City Manager Fires Back on Pension Projections

Internal emails and memos were sent to city employees after an NBC Bay Area Investigation

More fallout today after an NBC Bay Area Investigation revealed some San Jose officials have not been straightforward when it comes to future retirement costs.

Unions have filed an ethics complaint against Mayor Chuck Reed, Retirement Services Director, Russell Crosby and former city actuary Michael Moehle.

Now the city is firing back. An internal email was sent to city employees after our investigation aired, calling our report, "misleading." This memo was also sent yesterday to the city council.

It says the city never used the figure $650 million to make official decisions. That number is a quarter billion dollars higher than the city's official projection.

The City Manager cites multiple dates of press releases and city memos where they use $400 million or $431 million as the 5-year-projection for retirement costs.

What they left out: multiple press releases from the mayor  and memos last spring- in April, May and June. Each one warning you costs could reach $650 million by 2015-2016.

In this press release from May 13,2011, the mayor calls for a fiscal emergency, saying in 5 years "retirement costs could jump to $650 million if assumptions are adjusted to reflect modern conditions." But it wasn't just in press releases.

The mayor used the figure $650 million in his June budget message (seen on page 3), in this Sacramento Bee editorial, authored by the mayor, in a presentation at Stanford and in this November article seen in Vanity Fair Magazine. "It was a number off the top of my head," Retirement Services Director, Russell Crosby tells NBC Bay Area.

Crosby said $650 million could be a 5-year projection once in a meeting last year.

Crosby told us, his estimate was wrong. "The mayor was told not to use that number that the correct number was 400," Crosby tells NBC Bay Area.

"Why would you use that number instead of the number that actuaries provided?" Watchdog Reporter, Jenna Susko asks the mayor, "They said 400."

"We used both numbers," the mayor responded.

"That number was used when calling for a fiscal emergency.
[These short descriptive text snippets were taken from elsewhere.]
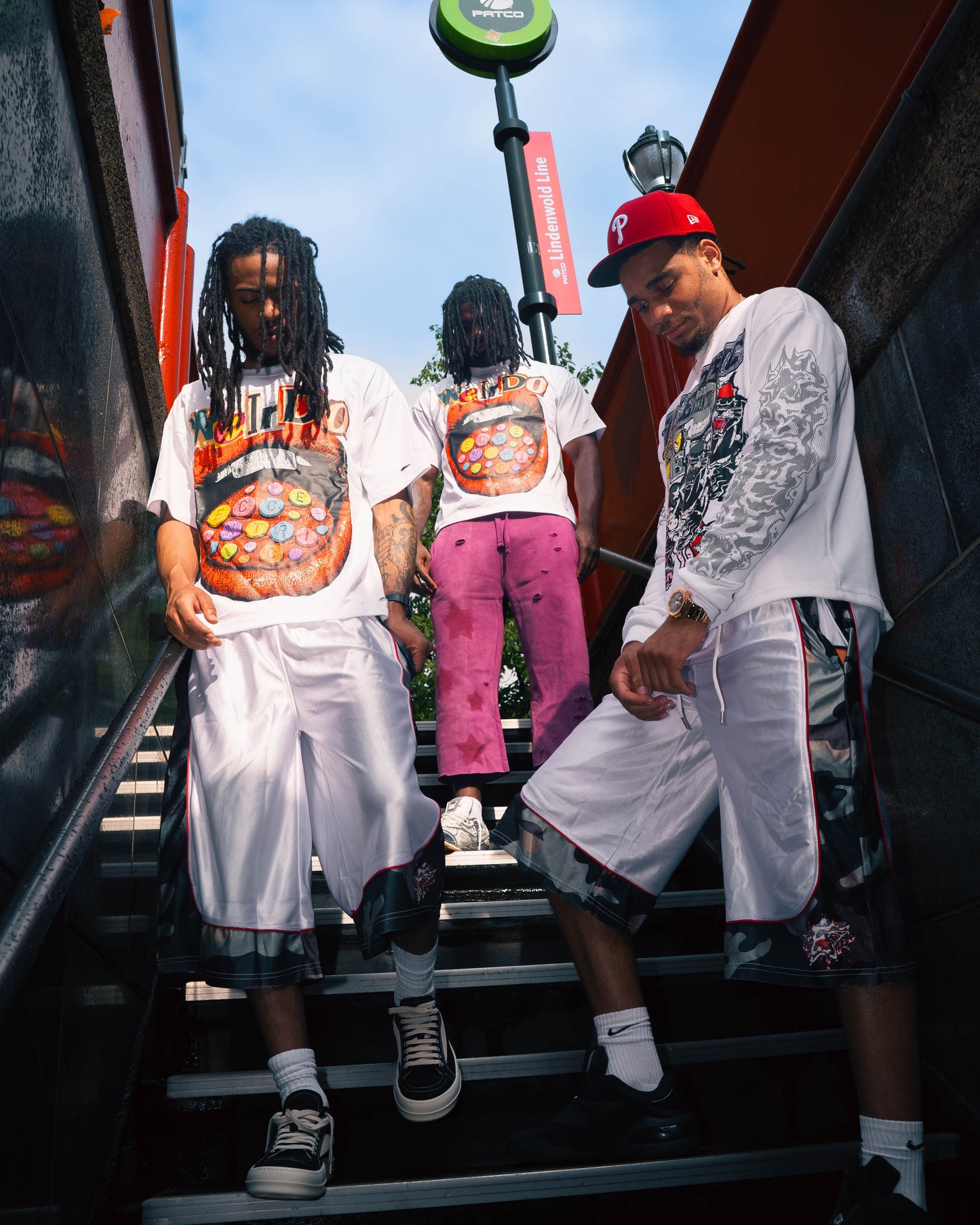 Eccentric BAll Shorts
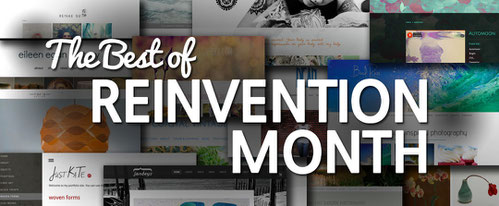 Jimdo's Best of Reinvention Month Contest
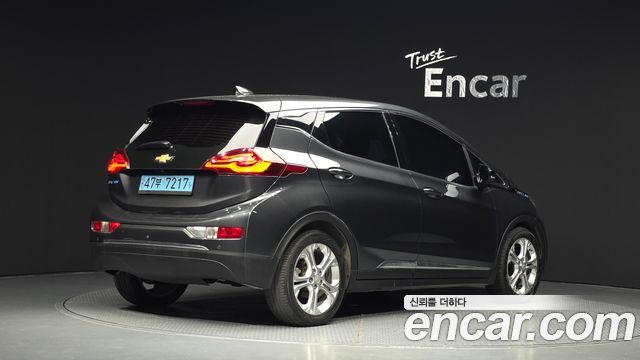 Chevrolet (Daewoo) Bolt EV из Кореи Encar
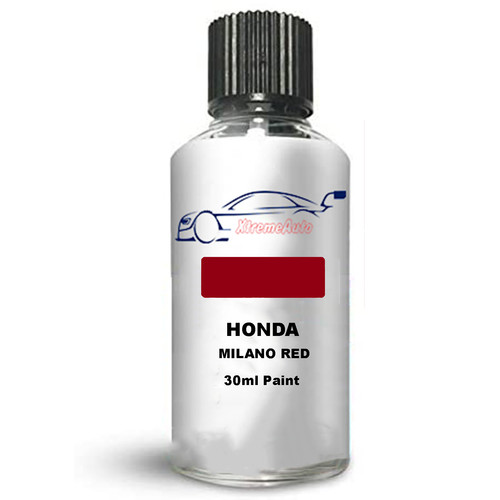 Honda milano red r81 paint - milano,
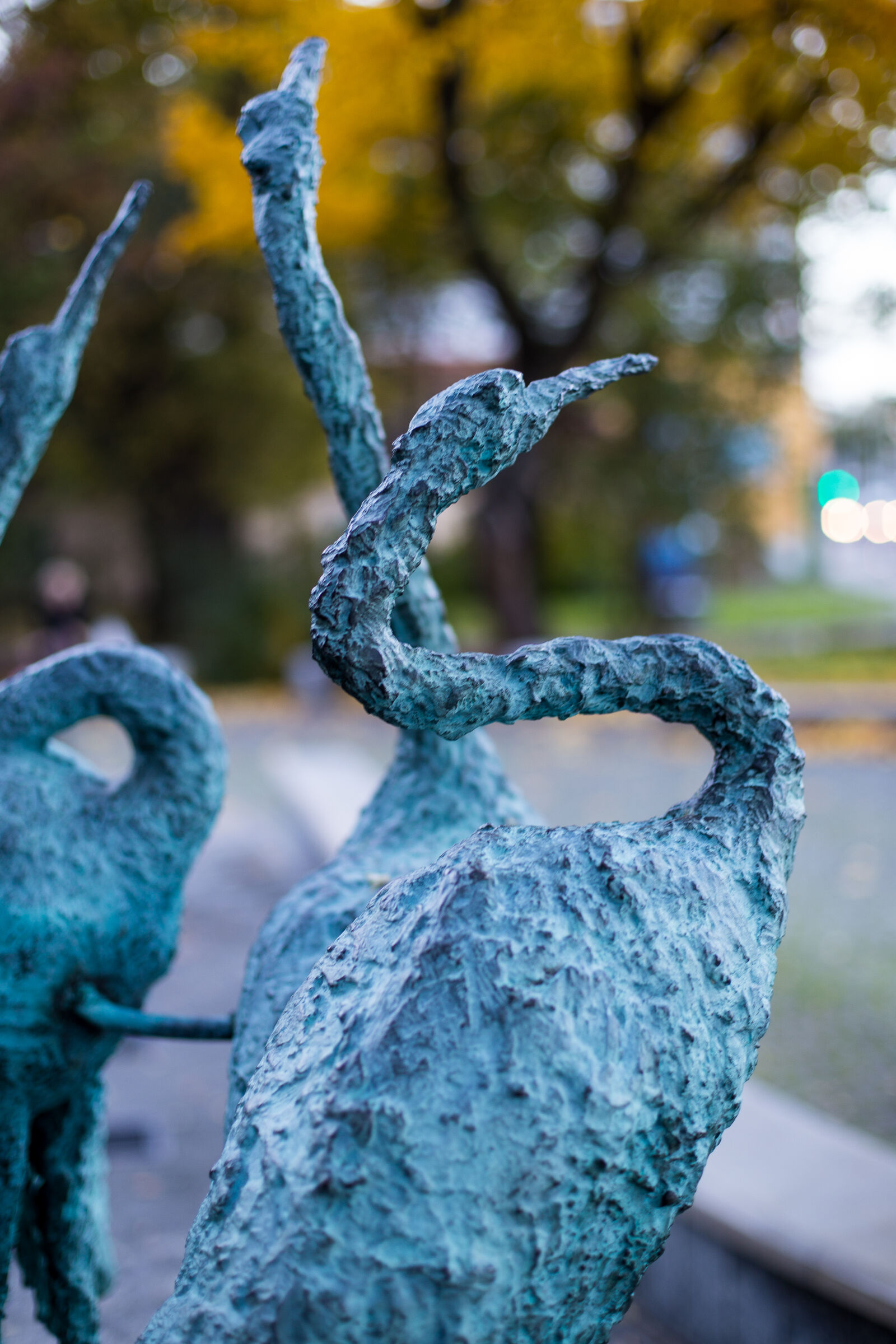 Canon EOS 6D + Canon EF 50mm F1.4 USM sample photo. Autumn, birds, city photography
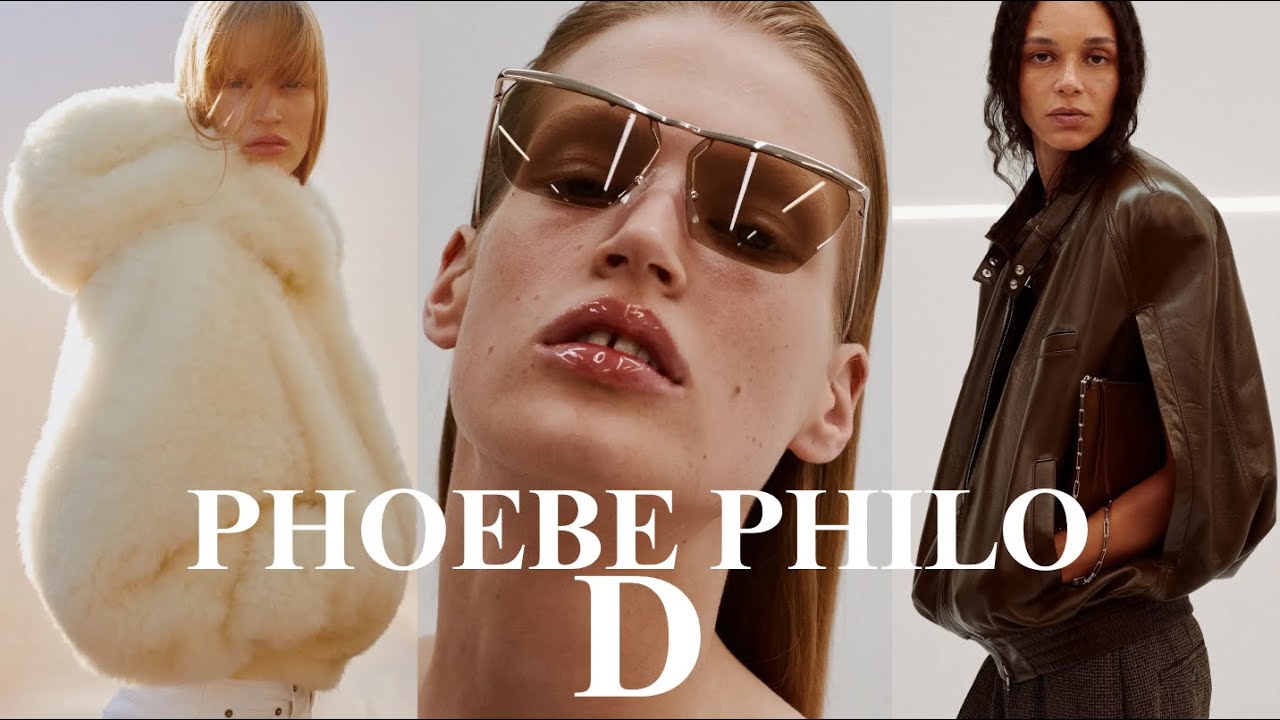 Phoebe Philo Preview of Collection D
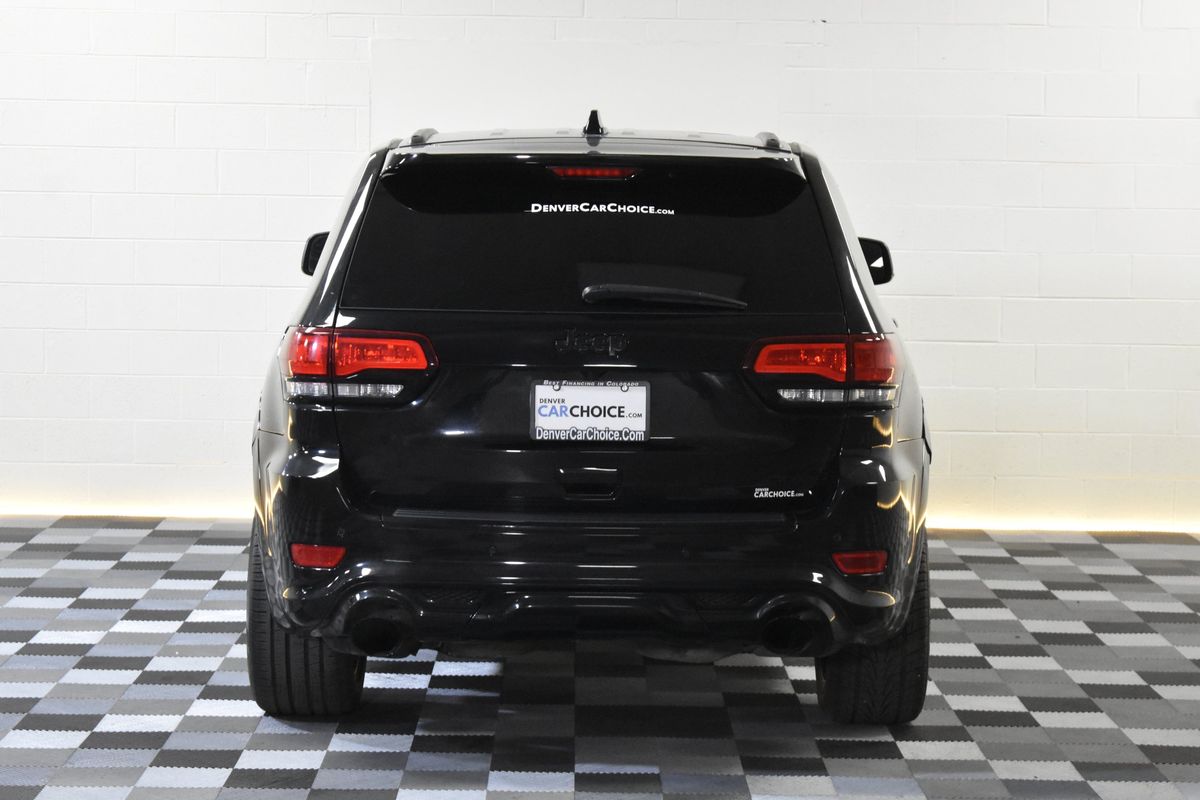 2020 Jeep Grand Cherokee SRT 4X4
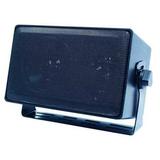 SPECO TECHNOLOGIES DMS3TS 3-Way Indoor/Outdoor Speaker,4 In,Black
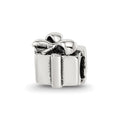 Sterling Silver Reflections Kids Present Bead, 8.18 x 7.27 mm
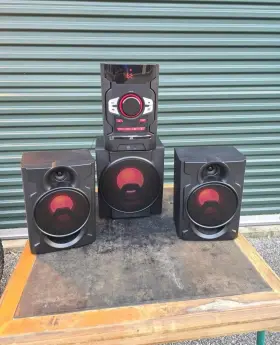 Viprb-100008725 Onn Onn. 500w Cd Stereo System With Bluetooth Wireless Technology And Color-changing #3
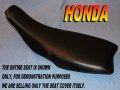 New Replacement Seat Cover Fits Honda Trx450r 2004-15 Trx450 R Trx 450 Sportrax Trx450er 943a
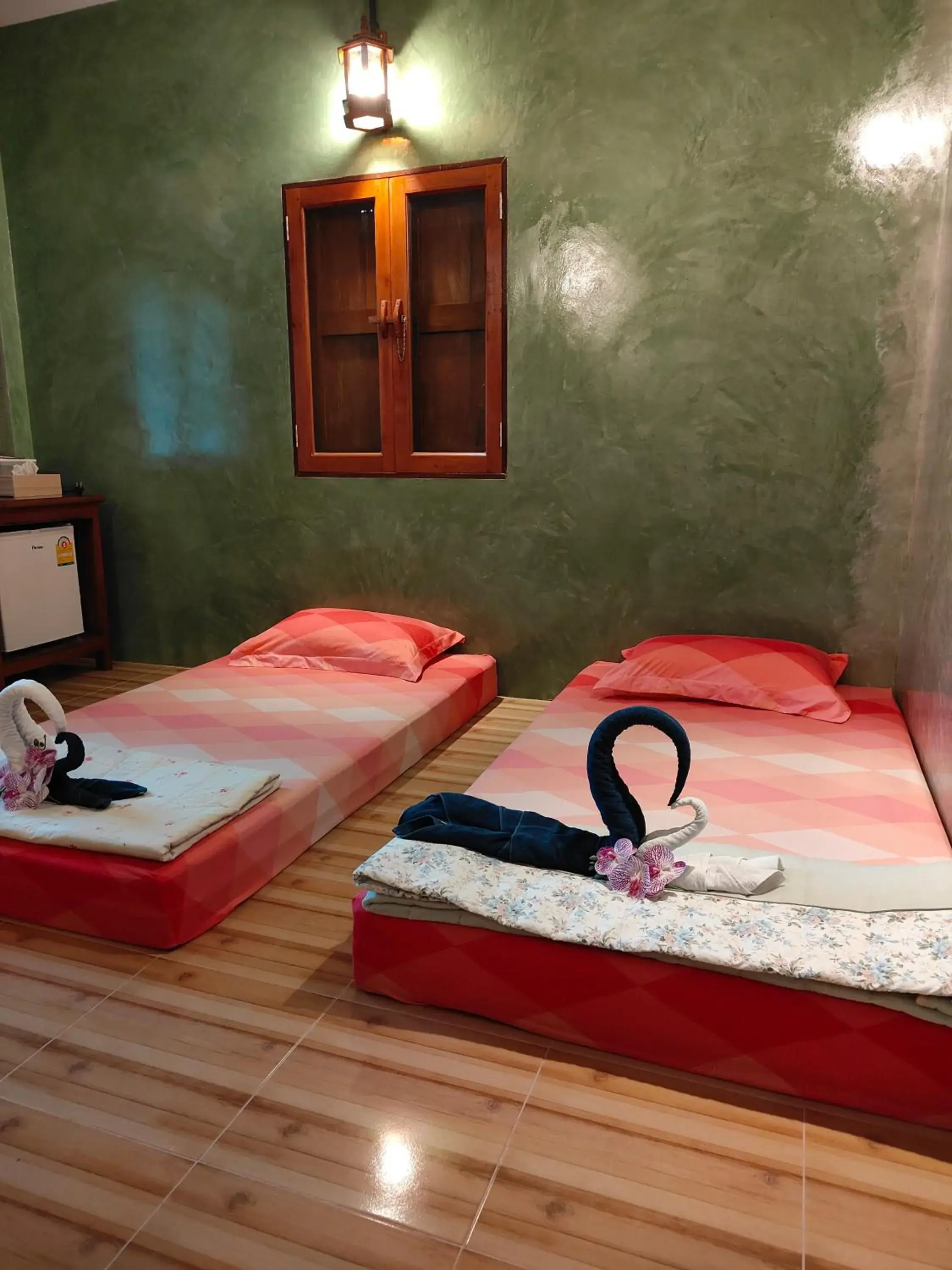 Standard Twin Room with Shared Bathroom in Smilingface guesthouse Standard Twin Room with Shared Bathroom in Smilingface guesthouse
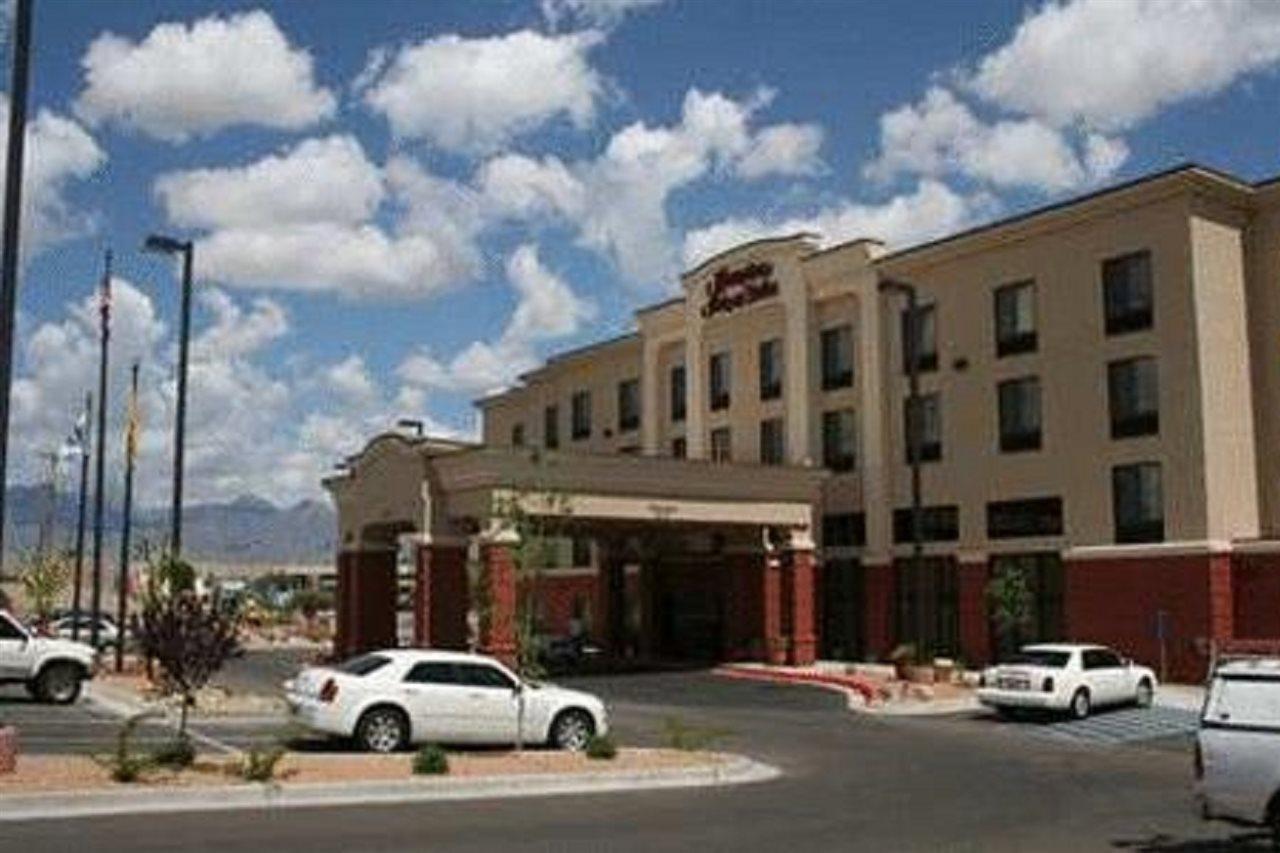 Hampton Inn & Suites Las Cruces I-25 Exterior foto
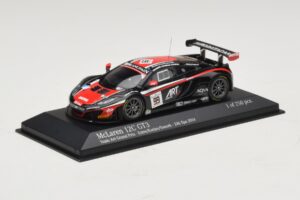 McLaren MP4-12C GT3 Art Grand Prix #99 K. Estre / M. Korjus 24 Hours of Spa 2014 Minichamps 1:43 437141399 Metal - imagen 2 de 4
That number was used in the public. That number was used to say we need pension reform," Susko says to the mayor.

"We do need pension reform and that number was part of the discussion," the mayor says.

A number the city says was never used to make decisions, but it was fed to the public and it's the public that ultimately decides on pension reform at the ballot box.

So what's next? An outside law firm is evaluating the ethics complaint filed against Mayor Chuck Reed, Retirement Services Director, Russell Crosby and former city actuary Michael Moehle.

The law firm will determine if the complaint warrants an investigation, which would then take the city’s elections commission up to a month to complete.